PROBLEM DESCRIPTION
Copy nothing but the lines below, from the one with "There is also" through the one with "Using the tabs", exactly as written; no pictures should appear.

GIVEN DATA
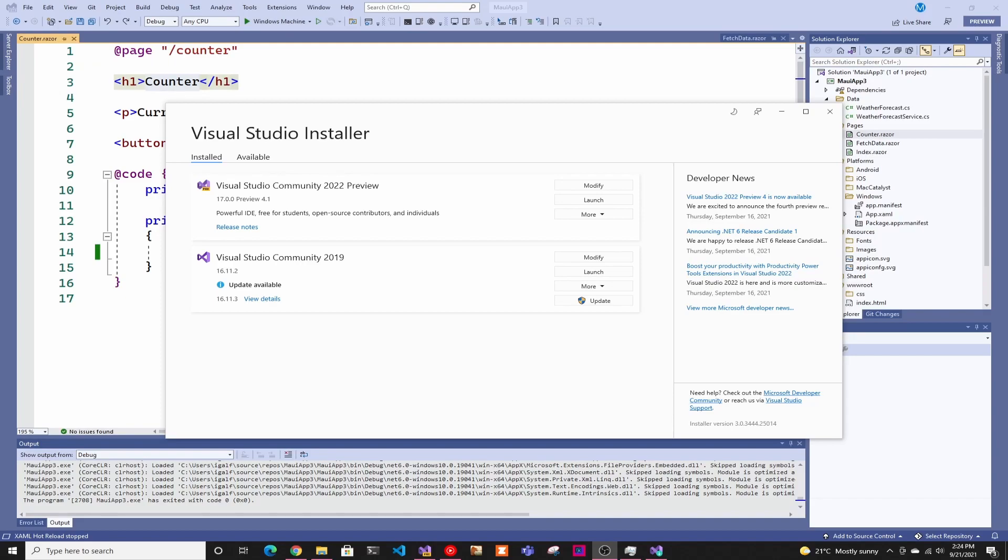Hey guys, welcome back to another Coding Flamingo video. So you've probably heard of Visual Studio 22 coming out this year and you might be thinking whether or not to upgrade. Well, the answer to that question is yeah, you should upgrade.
...
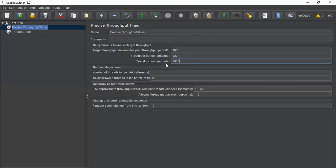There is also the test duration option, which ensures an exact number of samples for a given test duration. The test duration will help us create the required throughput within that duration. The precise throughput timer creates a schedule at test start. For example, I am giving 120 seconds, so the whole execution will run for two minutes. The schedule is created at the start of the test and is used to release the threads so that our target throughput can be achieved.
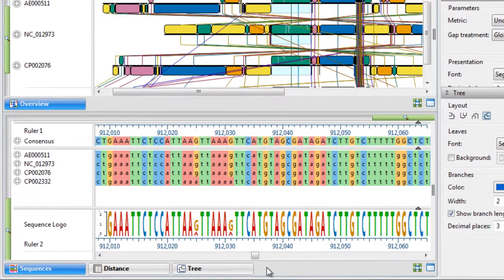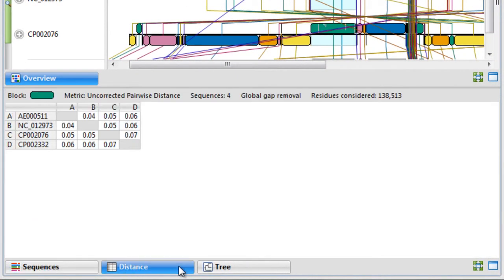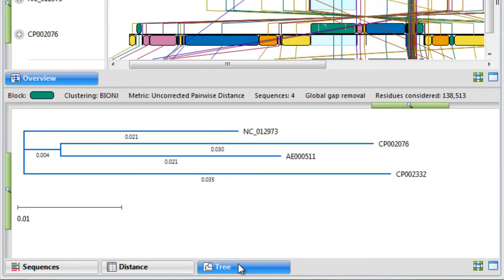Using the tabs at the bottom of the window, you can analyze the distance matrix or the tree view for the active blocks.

SOLUTION FOR THIS EXERCISE
There is also the test duration option, which ensures an exact number of samples for a given test duration. The test duration will help us create the required throughput within that duration. The precise throughput timer creates a schedule at test start. For example, I am giving 120 seconds, so the whole execution will run for two minutes. The schedule is created at the start of the test and is used to release the threads so that our target throughput can be achieved.
Using the tabs at the bottom of the window, you can analyze the distance matrix or the tree view for the active blocks.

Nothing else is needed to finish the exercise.